Os sinais de alerta vindos de Espanha anunciam que a produção de azeite pode estar “à beira de um colapso”. E percebe-se porquê: dados do Ministério da Agricultura, Pesca e Alimentação (MAPA) referem que, em anos normais, o país vizinho fornece cerca de 50 por cento do azeite mundial.

Porém, na campanha de 2021-2022 a falta de chuva e as temperaturas extremas fizeram com que a produção de azeite caísse 55 por cento, para 660 mil toneladas, face a 1,48 milhões de toneladas, produção recorde do ano anterior. Uma quebra tão drástica na produção de azeite acabaria por realçar um paradoxo: a diminuição da produção do olival espanhol fez com que o país que era o maior produtor mundial se tornasse o maior importador de azeite europeu, com uma subida de 38,6%, constatou Juan Luis Vicente, do Departamento de Estudos Económicos e Estatísticas do Conselho Oleícola Internacional (COI).

Este organismo reconhece que os oito principais países produtores da União Europeia, um dos quais é Portugal, produziram na campanha de 2021/2022 cerca de 1,5 milhões de toneladas de azeite, “bem abaixo da média de 2,17 milhões de toneladas dos últimos cinco anos”.

E este ano? Para já, prevê-se o pior para o olival de sequeiro (que representa entre 75 a 80% do olival que existe em Portugal).
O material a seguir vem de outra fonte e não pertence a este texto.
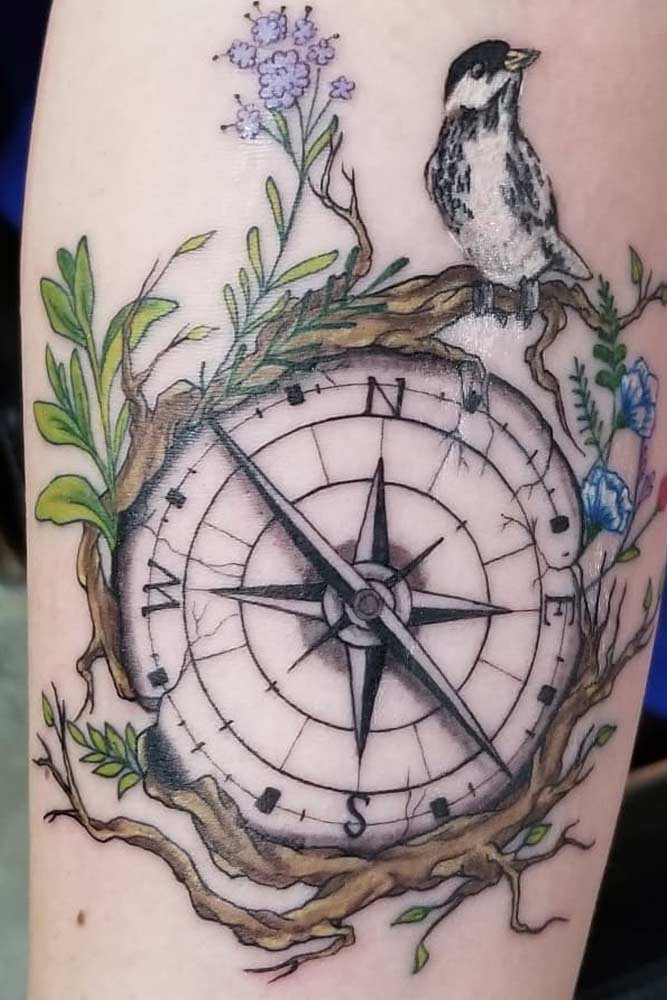Compass Tattoo Design With Nature Accents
Na agricultura de sequeiro a plantação envolve no máximo 300 árvores por hectare e depende da água da chuva, ao contrário da cultura de regadio (sendo que, no caso do regime superintensivo, o número de árvores por hectare pode chegar às duas mil). Em 2020, o olival ocupava um total de 379.444 hectares em Portugal: olival tradicional de sequeiro ocupava 284 758 hectares.

Os resultados da campanha oleícola de sequeiro em curso são preocupantes. Nem a precipitação atmosférica que caiu nos últimos dias mitigou a escassez hídrica no Sul de Espanha e no Nordeste transmontano, Vale do Tejo, Baixo Alentejo e Algarve.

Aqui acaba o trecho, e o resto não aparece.